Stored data
════════

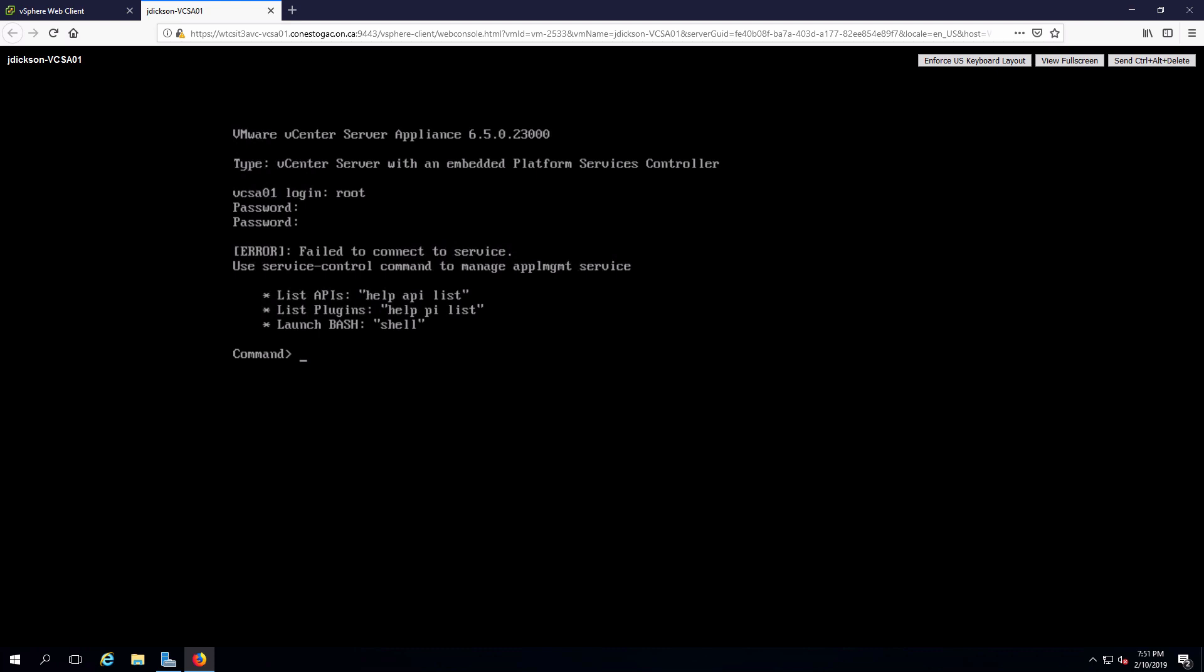Once we're into the command prompt, we have to launch the shell. And our bash shell is now available to us. Next thing we're going to do is run the network configuration utility. That is the name of the command that we see there.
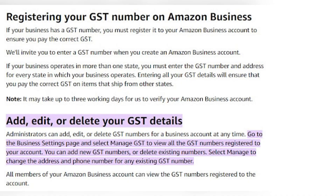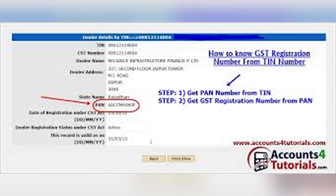Firstly, log into your Amazon business account and navigate to the Business Settings page. Under Business Settings, click Manage GST and here you'll see your current GST details and address linked to your account.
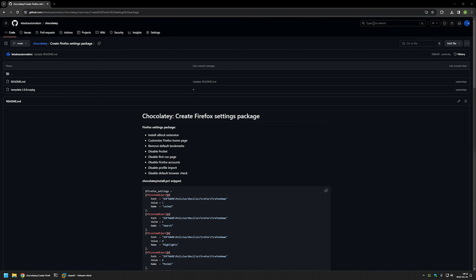In this video I'll be using Chocolatey to package and install Mozilla Firefox settings. I'm starting from my GitHub page because there are a few bits of information here that I will be using. You can see the settings I will be packaging — basically customizing the first run experience, disabling unwanted features like Pocket and Firefox Accounts, and also installing the uBlock Origin extension.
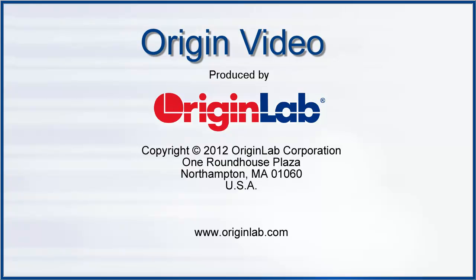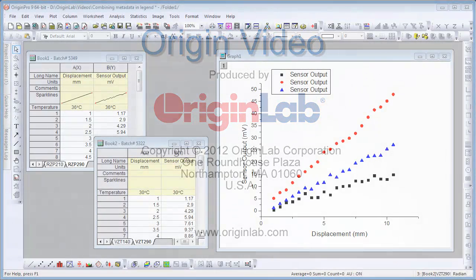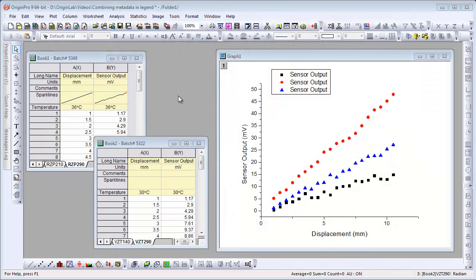In this video I will show you how to customize your origin graph legend. Here we're looking at a project with some sensor data arranged in multiple sheets in multiple books.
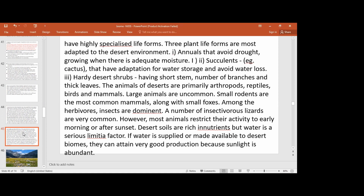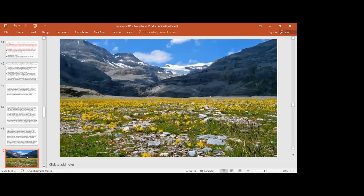Desert soil, even though it has a lot of nutrients, benefits from water irrigation supply, which can produce good vegetation. If water is made available to desert biome soil, it can attain very good productivity because sunlight is abundant. To recap: deserts are located on the western coast due to geographical reasons, and plants and animals have special adaptations.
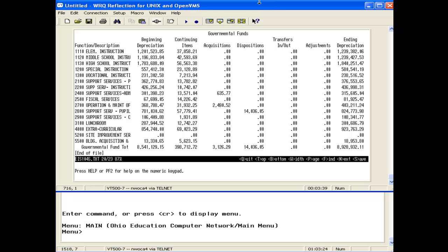The beginning depreciation column on the 104 should be compared to the life-to-date depreciation column on the EIS 305 book value report. Currently, here is our beginning depreciation amount on the 104.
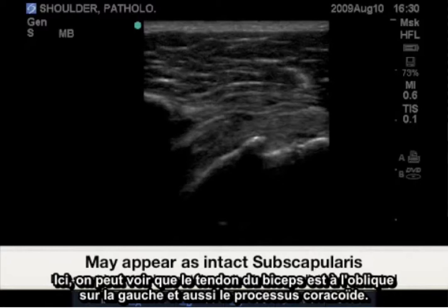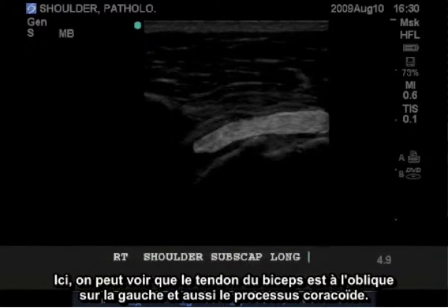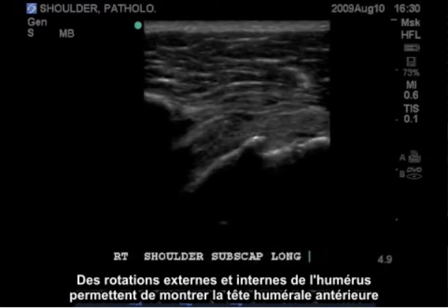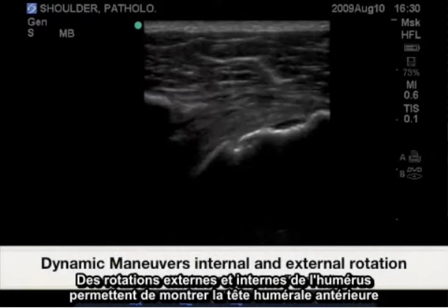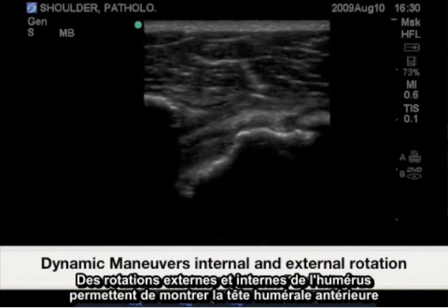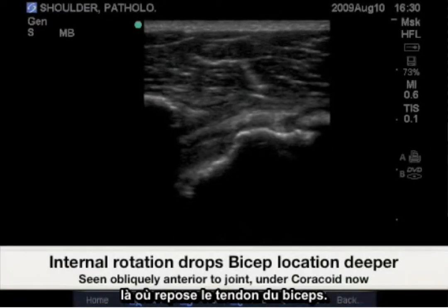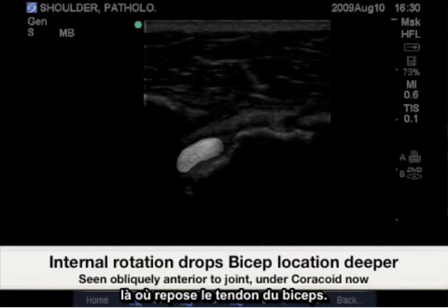Here we have an oblique bicep tendon on the left, also the coracoid process. Internal and external rotation of the humerus will show the anterior humeral head where we have our bicep tendon resting.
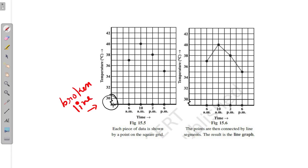The broken line shows that from 0 to 30 there is no information, so there is no need to represent that part of the graph. The information ranges from 30 to about 42 degrees centigrade. For example, at 6 a.m. the temperature was 37 degrees centigrade, and at 10 a.m. the temperature was 40 degrees centigrade. When we join all the points with a line, it becomes a complete line graph.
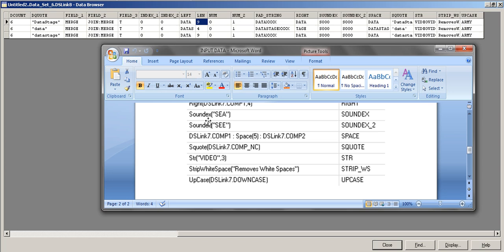SoundX returns a phonetic code based on pronunciation. For example, 'seac' and a differently spelled but same-sounding word both return the same phonetic code 'S300'. If two words are pronounced the same, their SoundX codes match — useful for comparing words that sound alike but are spelled differently.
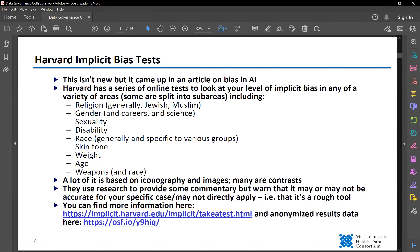For instance, there's a general religion test, and then there's one specifically that they call Jewish, but it's really Jewish versus Christian, and one that they call Arab and Muslim, which is a combination of race and religion. They look at gender, specifically gender and careers and gender and science, sexuality, disability, a general race category, and then specific ones including skin tone, weight, age, and weapons.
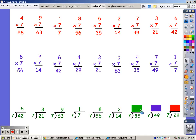7, 14, 21, 28, 35. Took me five fingers. 7, 14, 21, 28, 35, 42, 49. Took me seven fingers. And the last one: 7, 14, 21, 28. It took me four fingers. Hope that helped.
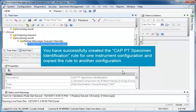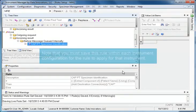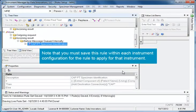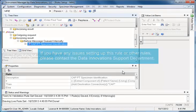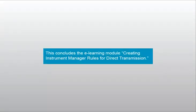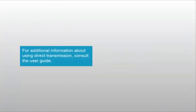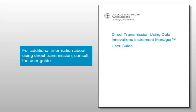And that's it! You have successfully created the CAP PT Specimen Identification Rule for one instrument configuration and copied the rule to another configuration. Note that you must save this rule within each instrument configuration for the rule to apply for that instrument. If you have any issues setting up this rule or other rules, please contact the Data Innovations Support Department. This concludes the eLearning module Creating Instrument Manager Rules for Direct Transmission. For additional information about using direct transmission, consult the User Guide.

════════

▶ [Problem description]:
Only the pictures may be dropped; print every record exactly as given.

▶ [Output for this task]:
Once we're into the command prompt, we have to launch the shell. And our bash shell is now available to us. Next thing we're going to do is run the network configuration utility. That is the name of the command that we see there.
Firstly, log into your Amazon business account and navigate to the Business Settings page. Under Business Settings, click Manage GST and here you'll see your current GST details and address linked to your account.
In this video I'll be using Chocolatey to package and install Mozilla Firefox settings. I'm starting from my GitHub page because there are a few bits of information here that I will be using. You can see the settings I will be packaging — basically customizing the first run experience, disabling unwanted features like Pocket and Firefox Accounts, and also installing the uBlock Origin extension.
In this video I will show you how to customize your origin graph legend. Here we're looking at a project with some sensor data arranged in multiple sheets in multiple books.
Desert soil, even though it has a lot of nutrients, benefits from water irrigation supply, which can produce good vegetation. If water is made available to desert biome soil, it can attain very good productivity because sunlight is abundant. To recap: deserts are located on the western coast due to geographical reasons, and plants and animals have special adaptations.
The beginning depreciation column on the 104 should be compared to the life-to-date depreciation column on the EIS 305 book value report. Currently, here is our beginning depreciation amount on the 104.
Here we have an oblique bicep tendon on the left, also the coracoid process. Internal and external rotation of the humerus will show the anterior humeral head where we have our bicep tendon resting.
The broken line shows that from 0 to 30 there is no information, so there is no need to represent that part of the graph. The information ranges from 30 to about 42 degrees centigrade. For example, at 6 a.m. the temperature was 37 degrees centigrade, and at 10 a.m. the temperature was 40 degrees centigrade. When we join all the points with a line, it becomes a complete line graph.
SoundX returns a phonetic code based on pronunciation. For example, 'seac' and a differently spelled but same-sounding word both return the same phonetic code 'S300'. If two words are pronounced the same, their SoundX codes match — useful for comparing words that sound alike but are spelled differently.
For instance, there's a general religion test, and then there's one specifically that they call Jewish, but it's really Jewish versus Christian, and one that they call Arab and Muslim, which is a combination of race and religion. They look at gender, specifically gender and careers and gender and science, sexuality, disability, a general race category, and then specific ones including skin tone, weight, age, and weapons.
7, 14, 21, 28, 35. Took me five fingers. 7, 14, 21, 28, 35, 42, 49. Took me seven fingers. And the last one: 7, 14, 21, 28. It took me four fingers. Hope that helped.
And that's it! You have successfully created the CAP PT Specimen Identification Rule for one instrument configuration and copied the rule to another configuration. Note that you must save this rule within each instrument configuration for the rule to apply for that instrument. If you have any issues setting up this rule or other rules, please contact the Data Innovations Support Department. This concludes the eLearning module Creating Instrument Manager Rules for Direct Transmission. For additional information about using direct transmission, consult the User Guide.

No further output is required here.